Montana Man Faces Federal Charges for Killing Thousands of Eagles and Trafficking their Parts

A federal judge issued an arrest warrant for a Montana man, Simon Paul, who failed to appear for an initial court appearance on charges of killing thousands of birds, including bald and golden eagles.

The indictment, unsealed last month, reveals that Paul, along with co-defendant Travis John Branson and others, engaged in the illegal killing of approximately 3,600 birds over six years beginning in 2015.

The defendants also face charges of trafficking eagle parts on the black market, contributing to an ongoing problem for U.S. wildlife officials.

Source: NBC Montana/YouTube

Magistrate Judge Kathleen L. DeSoto issued an arrest warrant for Simon Paul, aged 42, from St. Ignatius, Montana, when he failed to appear at his scheduled arraignment in U.S. District Court in Missoula.
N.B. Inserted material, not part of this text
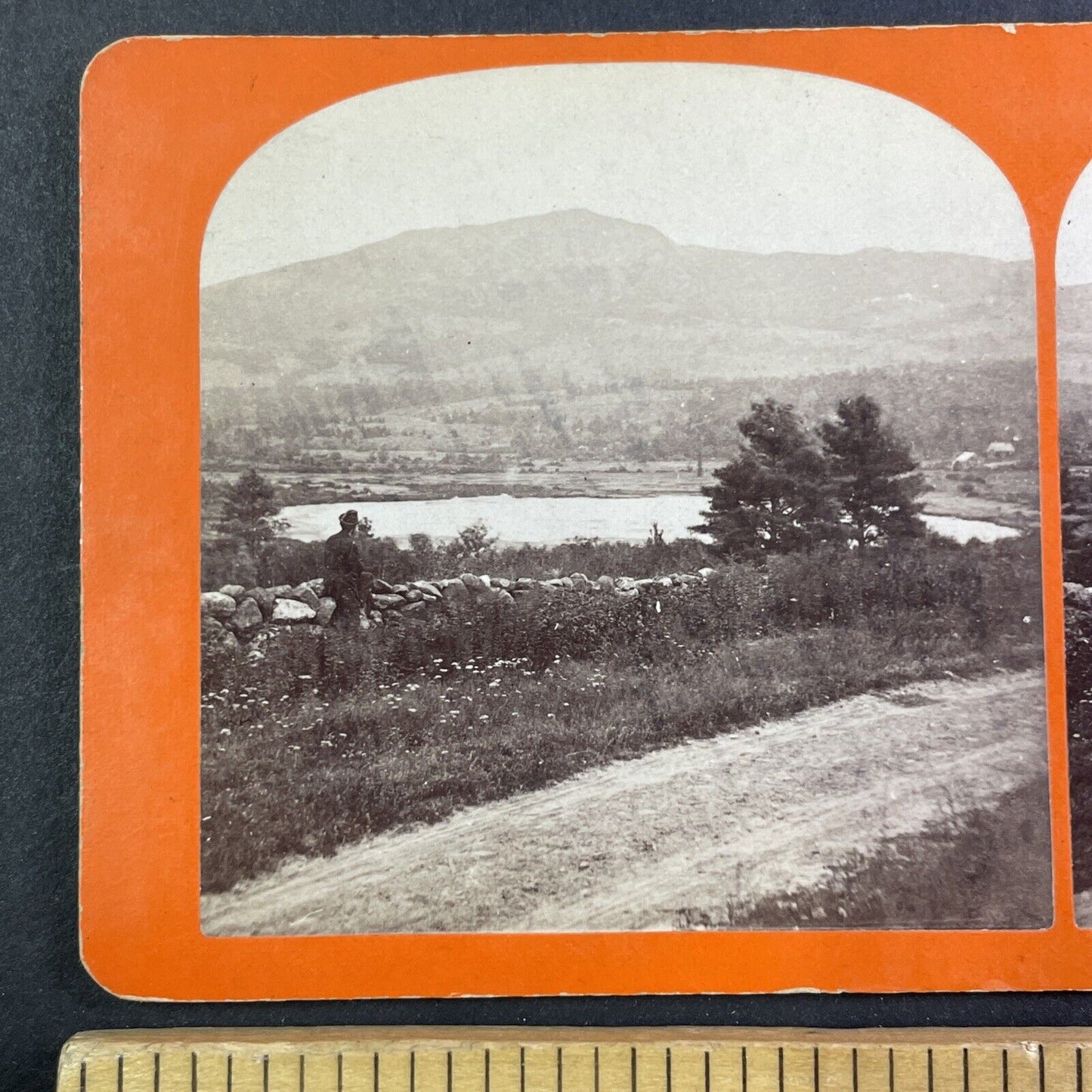 Perkins Pond Troy New Hampshire Stereoview J.A. French Antique c1870s Y874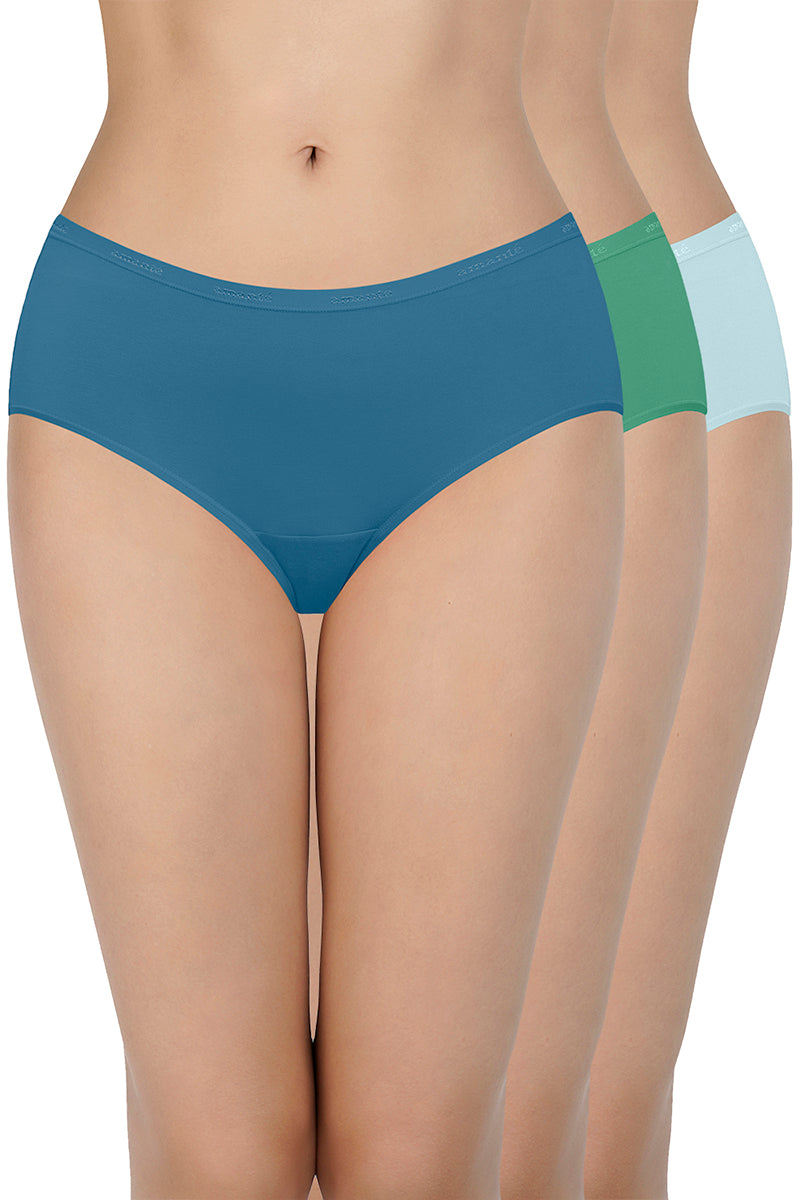 Amante Solid Low Rise Assorted Hipster Panties (Pack of 3 Colors & Prints May Vary)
On the other hand, Travis John Branson, 48, of Cusick, Washington, pleaded not guilty and was released pending further proceedings. The charges against the two men include a combined 13 counts of unlawful trafficking of bald and golden eagles, along with one count each of conspiracy and violating wildlife trafficking laws.

Prosecutors revealed that Paul and Branson collaborated with unnamed individuals to hunt and kill the eagles, employing egregious methods such as using a dead deer to lure an eagle before shooting it. Subsequently, they conspired to sell eagle feathers, tails, wings, and other parts on the black market, earning “significant sums of cash,” according to the indictment.

If convicted, Paul and Branson could face up to five years in federal prison for each conspiracy and wildlife trafficking violation. Trafficking eagles carries a penalty of up to one year in prison for a first offense and two years for subsequent offenses.